Reviewer Conny Withay:Operating her own business in office management since 1991, Conny is an avid reader and volunteers with the elderly playing her designed The Write Word Game. A cum laude graduate with a degree in art living in the Pacific Northwest, she is married with two sons, two daughters-in-law, and three grandchildren.
Author: Murray Pura
Publisher: Harvest House Publishers
“We have come this far, and we are still together. We have lost some but not all, praise God. Not all. The Lord has granted us a future. I see it just there like I see the coastline of France,” Lord Preston declares in Murray Pura’s novel, Beneath the Dover Sky.
This three hundred and eighty-four page paperback book is targeted toward readers who enjoy romance and lengthy family sagas of nobility during the mid-nineteen twenties. Promoted as a Christian tome, there is no profanity or lewd scenes except for minor violence, adultery, and bigotry. With over forty characters, a helpful list and drawn map are included at the beginning of the book with an author biography, acknowledgements, and other written works promoted at the end of the book.

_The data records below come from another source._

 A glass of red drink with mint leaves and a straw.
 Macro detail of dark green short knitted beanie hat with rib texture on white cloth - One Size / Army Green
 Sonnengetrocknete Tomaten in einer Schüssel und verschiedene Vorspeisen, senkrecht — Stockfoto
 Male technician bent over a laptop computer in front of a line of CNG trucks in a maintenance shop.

In this second of the Danforths of Lancashire series, the well-to-do family often leaves their lavish estate of Ashton Park to spend summers at their compound called Dover Sky in Southern England.

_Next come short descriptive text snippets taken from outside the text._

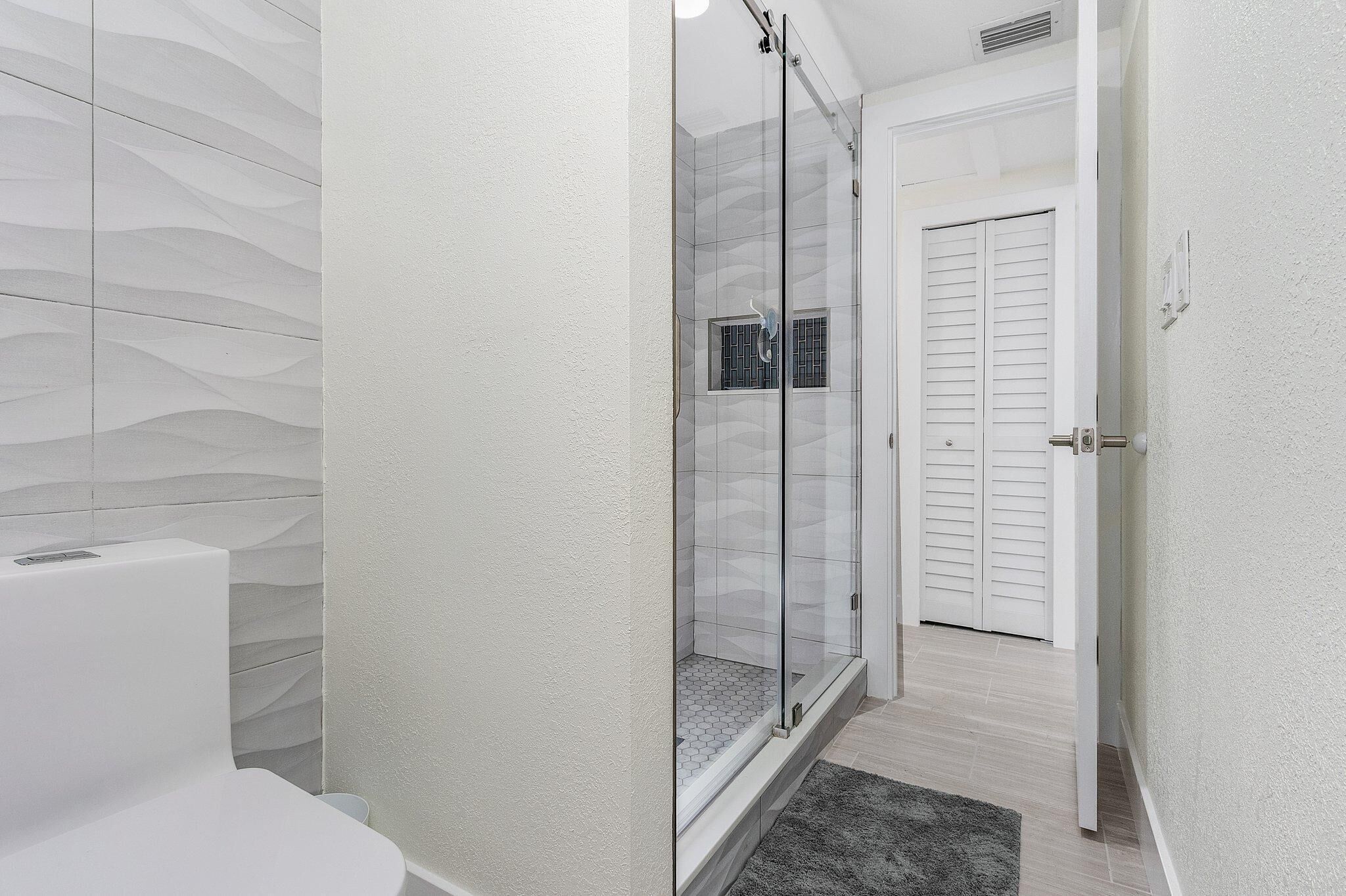 Ein modernes Badezimmer mit Duschkabine aus Glas, einer weißen Toilette und einer weißen Tür mit Klappläden.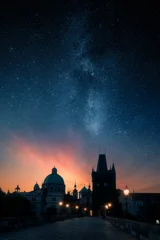 Charles Bridge and Old Town Bridge Tower under the Milky Way and starry night sky at twilight in Prague, Czech Republic © Jamo Images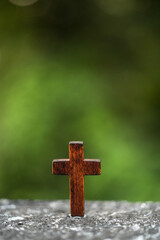 The sun shining in the forest. and Wooden Cross.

Continuing from the previous book, the seven children are now married or widowed and some have their own offspring as they spread throughout other countries such as Germany, Switzerland, Israel, and America. Yet nothing is perfect behind the protected manor that sometimes houses bitterness, anger, resentment, and a clinging to past relationships with some of its occupants.

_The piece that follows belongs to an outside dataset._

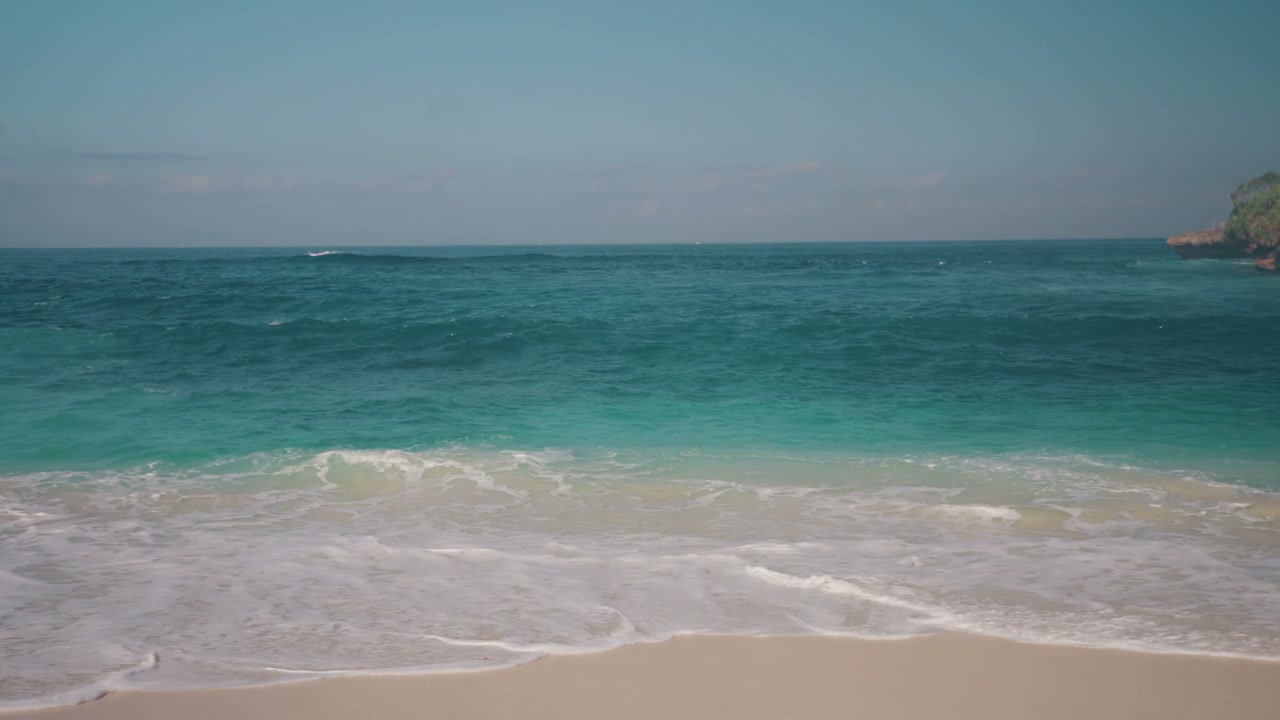 Turquoise Ocean Waves on Sandy Beach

While the widowed Catherine raises her son Sean, she coyly plays for two men’s hearts as she remains aloof and fickle. Kipp has dalliances with the forbidden Caroline even though he is married and has a child with his French wife, Christelle. Not to be outdone, the bigoted Edward acts politically correct as Robbie and his wife strive for peace in Jerusalem. Michael and Libby return from America with a child, and Ben and Victoria must make physical adjustments. Lord and Lady Danforth try to keep tabs on their growing brood as the lowly help gossip and observe the family’s ongoing rifts.
Through long-lost loves, heartaches, marriages, births, and deaths of the plethora of characters viewed by their letters, diary logs, and poems, the reader stays focused with the aide of repetition. The historical temperature during pre-World War II with the rise of Hitler and the lives of the wealthy are well-documented.
For readers who like complicated characters within family dynamics, Pura has left plenty of room for an ongoing saga of rich relatives in England that have common day problems as they look to God for guidance and help.
This book was furnished by Harvest House Publishers in lieu of an unbiased review.